Problem details: Reproduce only what runs from the line containing "Free Shipping!/Z033MLB Metal" to the line containing "Chuyển Thế Ma Thần Ký - Page 83" in the records below, inclusive. Keep it exact, and keep the pictures out.
==================================================
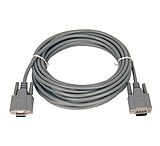 Image of Stalker Radar LED Speed Sign Interface Cable - 25ft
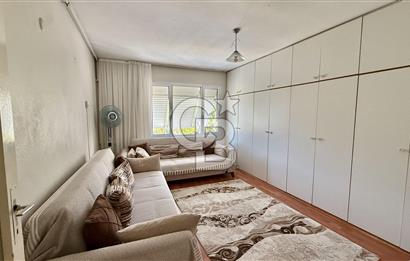 DOĞANAY MAH. 3+1 130 m² KÖŞE KONUMDA SATILIK DAİRE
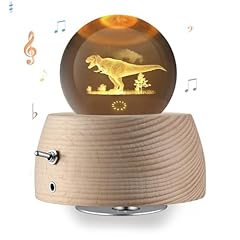 Famkeler crystal ball for sale  Delivered anywhere in USA 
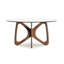 Butterfly Round Dining Table-1924785666-1924785670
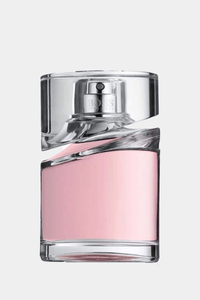 Thumbnail for Hugo Boss - Femme Eau De Parfum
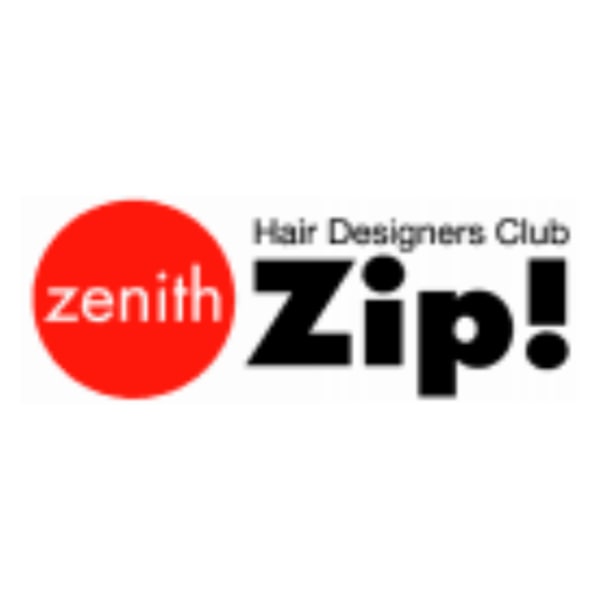 Zenith Zip ジーニスジップ の予約 サロン情報 美容院 美容室を予約するなら楽天ビューティ Zenith Zip ジーニスジップ の予約 サロン情報 美容院 美容室を予約するなら楽天ビューティ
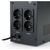 Источник бесперебойного питания Vinga LED 1500VA metal case (VPE-1500M), изображение 8 Источник бесперебойного питания Vinga LED 1500VA metal case (VPE-1500M), изображение 8
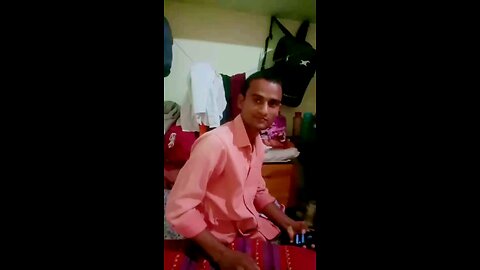 raja ja tara Landan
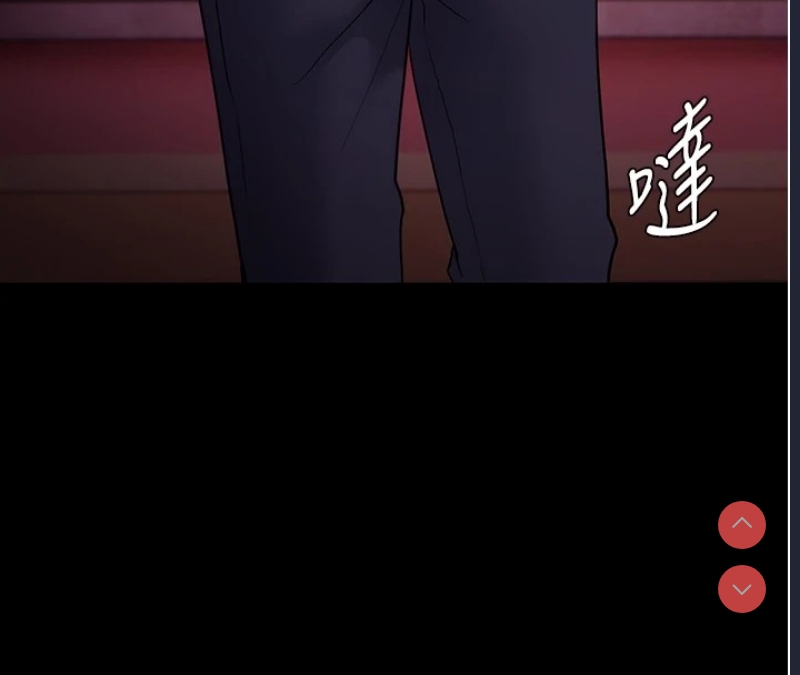 第 4 张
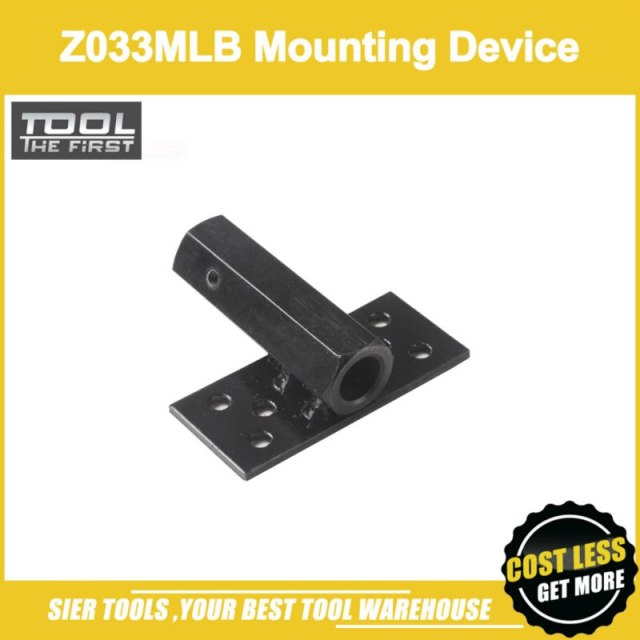 Free Shipping!/Z033MLB Metal Mounting Device/Zhouyu Accessory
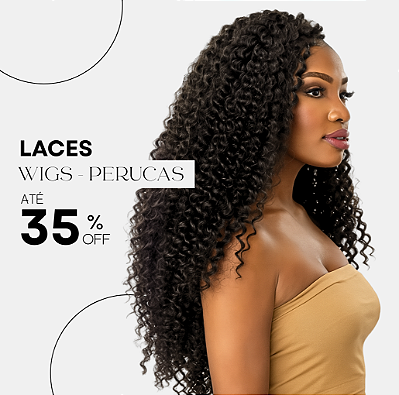 LACE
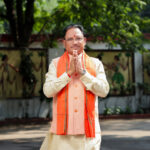 DA Hike Breaking: CM Sai's big announcement...! State government employees will get DA at par with central government employees.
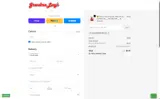 LCLLOYDTHEPITBULL10 coupon verification screenshot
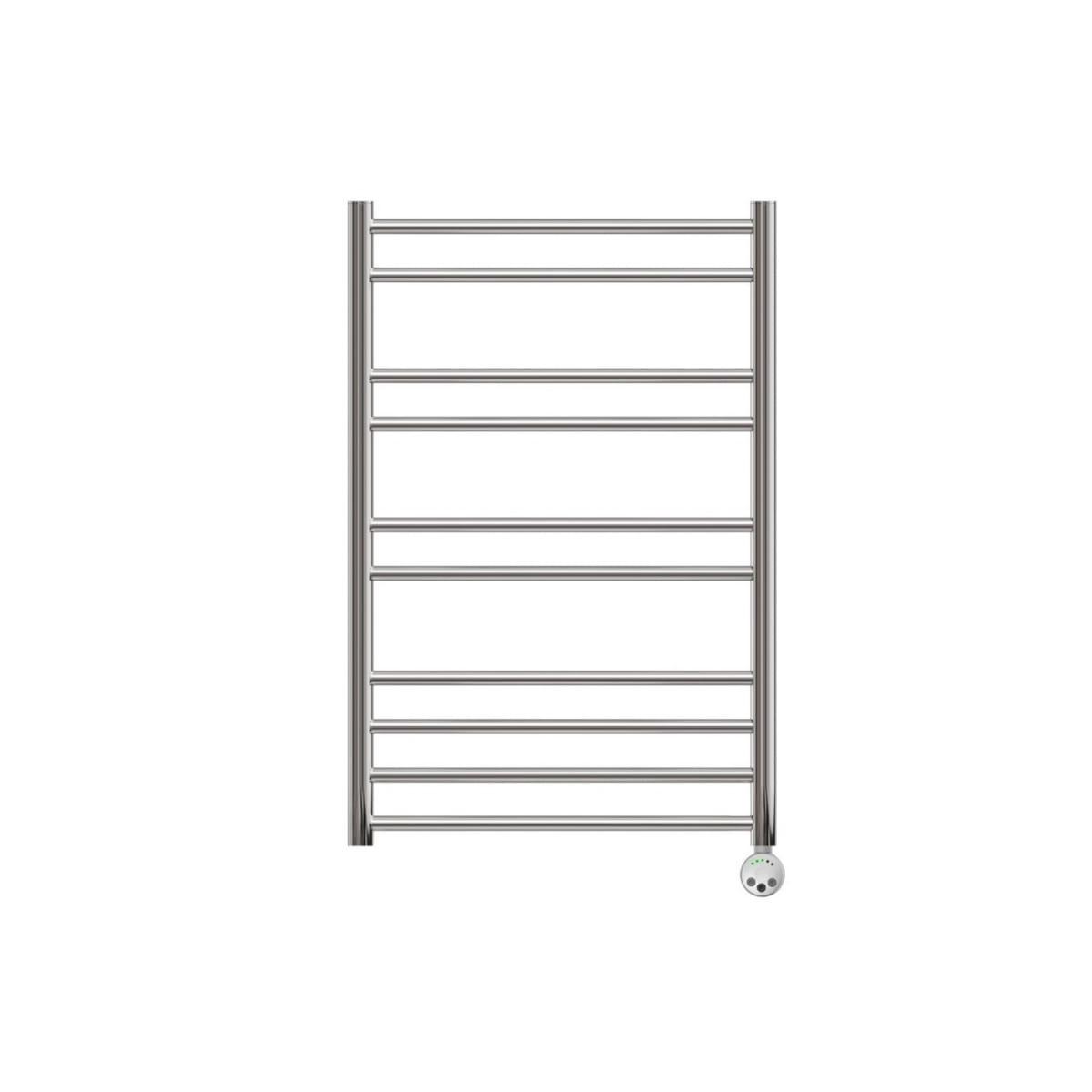 

Heated Towel Rail Lemark Lm72810e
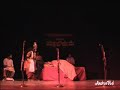 Yakshagana| Chittani Ramachandra Hegde as Veera Bhadrasena|  clip3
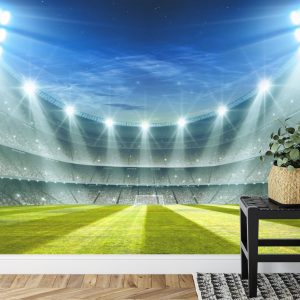 Papier Peint Stade Des Champions – Image 7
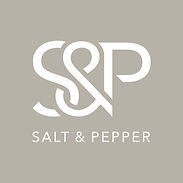 S&P Logo 2023 - Salt Perry.jpg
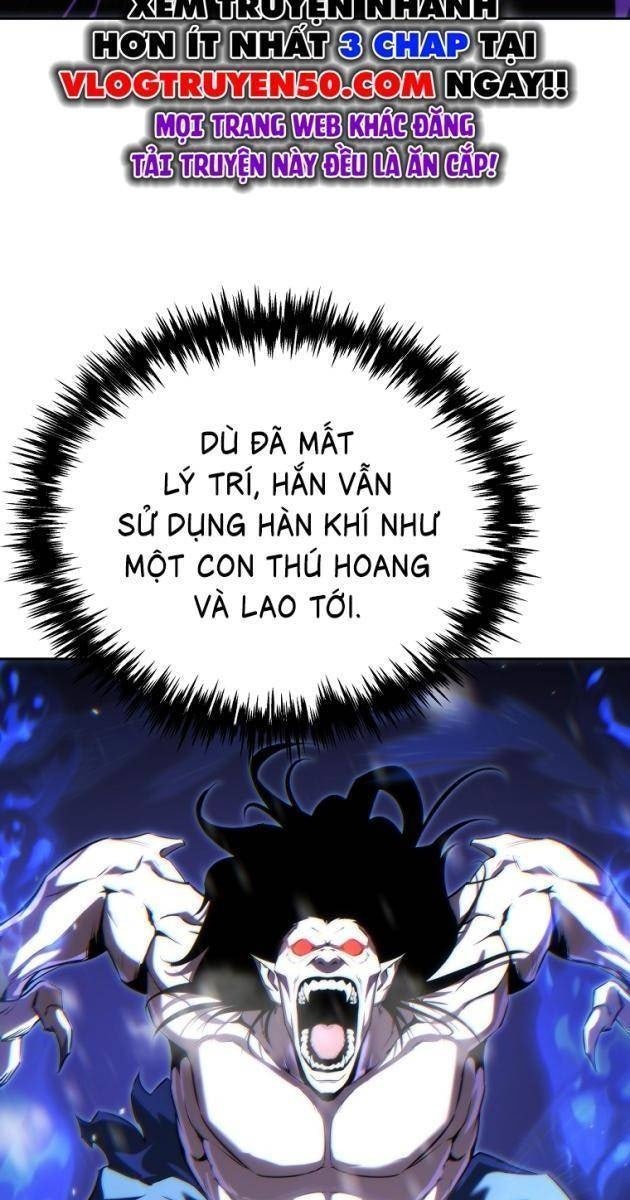 Chuyển Thế Ma Thần Ký - Page 83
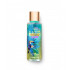 Парфюмированный спрей для тела Victoria`s Secret NEON PALMS Fragrance Body Mist 8.4 fl oz 250 mL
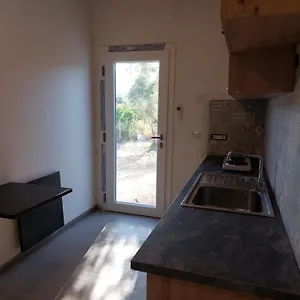 Casa vacanze Casa Lucia , Ricarica Auto Elettrica, Siniscola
==================================================
Answer to the exercise:
 Free Shipping!/Z033MLB Metal Mounting Device/Zhouyu Accessory
 LACE
 DA Hike Breaking: CM Sai's big announcement...! State government employees will get DA at par with central government employees.
 LCLLOYDTHEPITBULL10 coupon verification screenshot

Heated Towel Rail Lemark Lm72810e
 Yakshagana| Chittani Ramachandra Hegde as Veera Bhadrasena|  clip3
 Papier Peint Stade Des Champions – Image 7
 S&P Logo 2023 - Salt Perry.jpg
 Chuyển Thế Ma Thần Ký - Page 83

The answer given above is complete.